Losing messages means losing data, which is unacceptable, otherwise what is the point of MQ?

So mainstream MQ actually provides a reliability delivery mechanism to ensure that messages can be delivered reliably and not lost even if the network is down.

If you find that messages are still missing, it’s probably a developer problem and MQ is probably not configured correctly. Different MQ implementations work the same way to ensure reliable delivery of messages.

1 Verify the lost message

Large companies typically use a distributed link tracking system, which makes it easy to track every message. If you are a small or medium-sized company, there is also a simple solution verification. Using the orderliness of MQ:

  1. On the Producer side, each sent message is appended with a sequential increasing sequence number
  2. Then check the serial number for continuity on the Consumer side
  • If the Consumer receives a message whose sequence number increases strictly, no message is lost
  • If there is a noncontinuous sequence number, the message is lost

The missing sequence number can also determine which message is missing

Most MQ clients support interceptors, which can be used to inject sequence numbers into messages in the interceptor before the Pro message is sent and to detect sequence number continuity in the interceptor before the Con message is received.

  • benefits

Message validation code does not intrude on business code. It is also convenient to turn off/delete the verification logic after the system stabilizes.

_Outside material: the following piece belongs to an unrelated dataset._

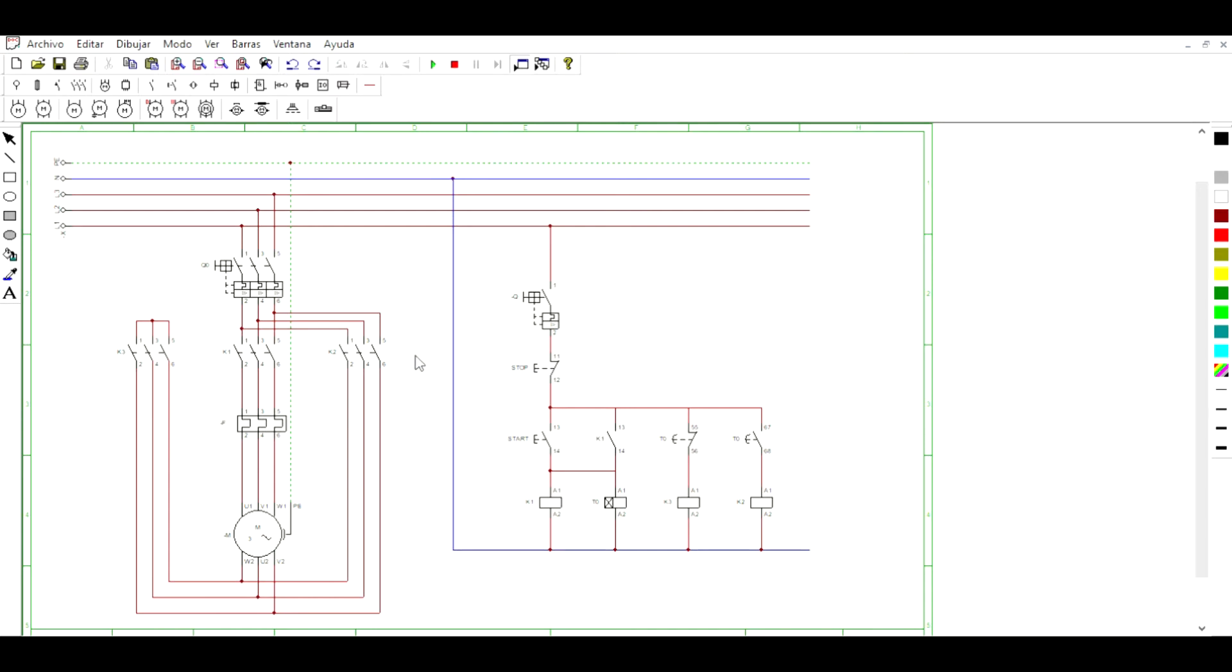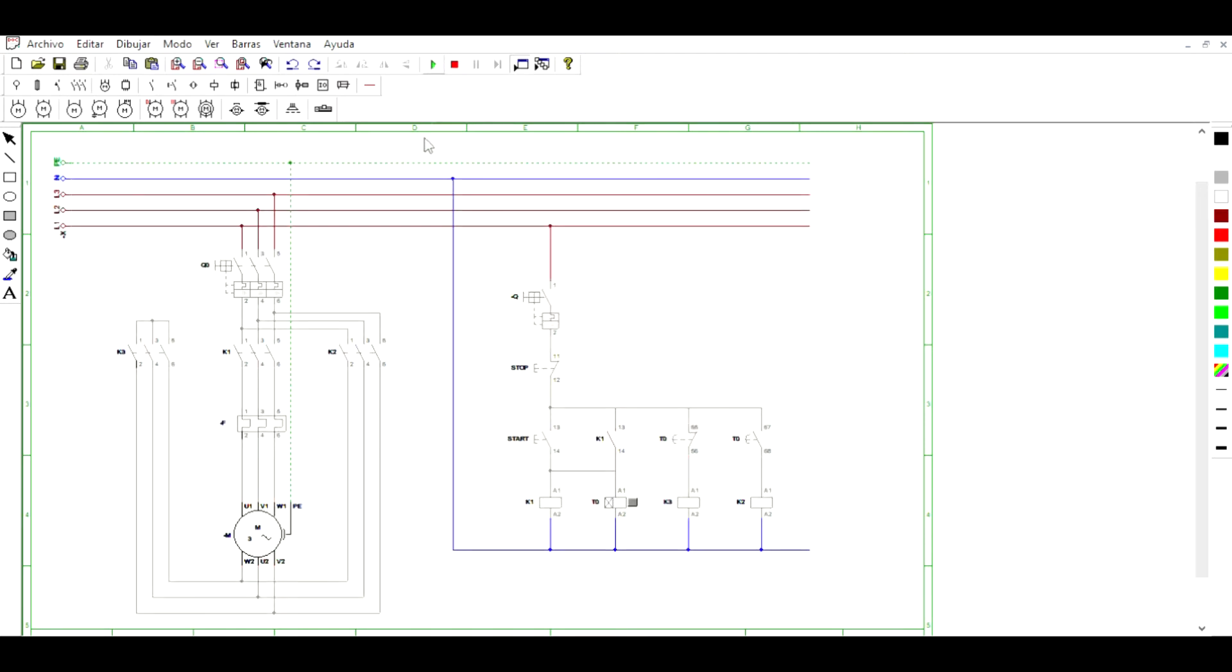Now, let's move on to the demo. First, we have to activate the triple circuit breaker, so that the current from the source can pass to the contactors.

To implement the verification method in distributed system, note the following:

  • Kafka and RocketMQ do not guarantee strict ordering on topics, only ordering messages on partitions, so partitions must be specified when sending messages. Message serial number continuity is verified separately in each partition.

If the system has multiple producers, the sending sequence among multiple producers is not well coordinated. Therefore, each Producer needs to generate the message sequence number separately, and an identifier of the Producer needs to be attached, and the serial number continuity needs to be verified separately on the Con side according to each Pro.

The number of Consumer instances should be one-to-one with the number of partitions so that the message sequence number continuity can be easily verified within Con.

2 Ensure reliable message delivery

Where do you lose messages and how do you avoid it?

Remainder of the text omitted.